This report originally published at defense.gov.
Defense Secretary James N. Mattis and Polish Defense Minister Mariusz Blaszczak met at the Pentagon yesterday to discuss mutual security issues and to reaffirm the defense relationship between their nations.
Before the meeting, the defense leaders recognized the prominent place that Polish Gen. Thaddeus Kosciuszko and U.S. President Woodrow Wilson hold, respectively, in U.S. and Polish history.
“The United States and Poland have a long-shared history of military cooperation and understanding,” Mattis said. “And across the Potomac, you can see the homage to this close relationship in Lafayette Square, where a statue of General Kosciuszko stands tall. And the inscription is what we remember there.
“Inscribed on that statue is, ‘And freedom shrieked, as Kosciuszko fell,’” the secretary continued, “and it reminds us of the critical role he played in our Revolutionary War — the role of leaders in protection of liberty and protection of freedom. And he did so, masterminding the victory at Saratoga in 1777 and then reinforcing the fortifications at West Point which, in those days, was a key choke point on the Hudson River.”
In 1918, Wilson reinforced America’s commitment to the Polish people’s freedom in his “Fourteen Points,” stating the need to guarantee, by international covenant, an independent Polish state, Mattis noted.

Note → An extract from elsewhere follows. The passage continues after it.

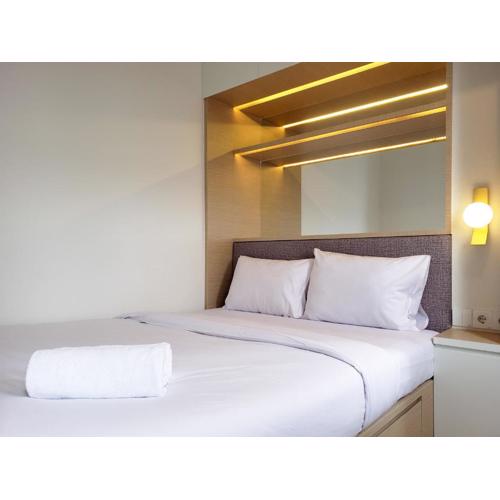 Minimalist and Cozy 2BR at La Hub City Apartment By Travelio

Today, the bond between the militaries and the people of the United States and Poland remains strong, Mattis said. He thanked Blaszczak for Poland’s continued hosting of U.S. and NATO forces, and for its contribution to the campaign to defeat the Islamic State of Iraq and Syria and to the Resolute Support mission in Afghanistan.
“These contributions, along with your hosting of NATO’s 2016 summit in Warsaw, illustrate Poland’s deep commitment to collective security, a commitment that includes the purchase of a Patriot air and missile defense system last month,” Mattis said.
The secretary also saluted Poland’s commitment to reach a defense spending level of 2.5 percent of its gross domestic product by 2030, exceeding the pledge to spend at least 2 percent that NATO nations made at the alliance’s 2014 summit in Wales.